• [YOUR ASSIGNMENT]
Below are some entries. Output each one exactly as it appears.

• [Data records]
====================
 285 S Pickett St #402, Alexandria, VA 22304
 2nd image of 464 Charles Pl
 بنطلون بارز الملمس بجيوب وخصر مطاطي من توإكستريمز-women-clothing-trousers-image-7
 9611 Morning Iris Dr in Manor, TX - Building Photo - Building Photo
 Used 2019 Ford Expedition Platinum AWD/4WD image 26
====================
• [PROBLEM SOLUTION]
 285 S Pickett St #402, Alexandria, VA 22304
 2nd image of 464 Charles Pl
 بنطلون بارز الملمس بجيوب وخصر مطاطي من توإكستريمز-women-clothing-trousers-image-7
 9611 Morning Iris Dr in Manor, TX - Building Photo - Building Photo
 Used 2019 Ford Expedition Platinum AWD/4WD image 26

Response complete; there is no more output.